松下奈緒 ドラマ「裕さんの女房」で石原まき子さんを体現 「架け橋になれれば」
ドラマ「裕さんの女房」で石原まき子さんを演じる松下奈緒(C)NHK Photo By 提供写真
 【牧 元一の孤人焦点】NHK・BSプレミアムのドラマ「裕さんの女房」(4月17日放送、今月20日にBS4Kで先行放送)に主演する女優の松下奈緒(36)がインタビューに応じた。
 昭和の大スター・石原裕次郎さんの妻・まき子さんを主人公とする物語。1950年代、まき子さんは女優・北原三枝として活躍していたが、裕次郎さんと結婚して引退し、夫を支えていく。

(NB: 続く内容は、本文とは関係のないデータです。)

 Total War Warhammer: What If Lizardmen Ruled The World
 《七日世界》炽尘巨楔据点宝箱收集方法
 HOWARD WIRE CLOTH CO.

 松下は「これまでも裕次郎さんのドラマはありましたが、まき子さんの主観で描く作品はこれが初めてだと思います。まき子さんを通じて、裕次郎さんを感じてもらえれば」と語る。

 まき子さんが女優として活動したのは1952年から60年まで。裕次郎さんがデビューする前からスターで、映画「青春怪談」「流離の岸」などに主演した。

 「『石原まき子さん』と言われると身近に感じられますが、『北原三枝さん』と言われると、大先輩過ぎて…。北原三枝さんは、どこか、お姉さん的で、あこがれられる存在。私の両親より少し上の世代には、たまらない女優さんだと思います」

 まき子さんと裕次郎さんは、56年の映画「狂った果実」で初共演。2人はやがて恋愛関係になり、60年に結婚したのを機に、まき子さんは芸能界から完全に退いた。

 「1番の幸せを手に入れたのだと思いました。まき子さんにとって、女優として生きていくより、裕次郎さんと一緒になる方が幸せだった。裕次郎さんと出会わなければ、その選択はしなかった。その関係性がすごいと思います。偶然のようで、必然のような出会い。映画のような人生です」

 結婚して間もなく、裕次郎さんがスキー中の事故で右足を複雑骨折。入院した裕次郎さんはベッドで簡易便器を使用したが、ある日、まき子さんの手にもらしてしまうハプニングがあった。その逸話がドラマに盛りこまれている。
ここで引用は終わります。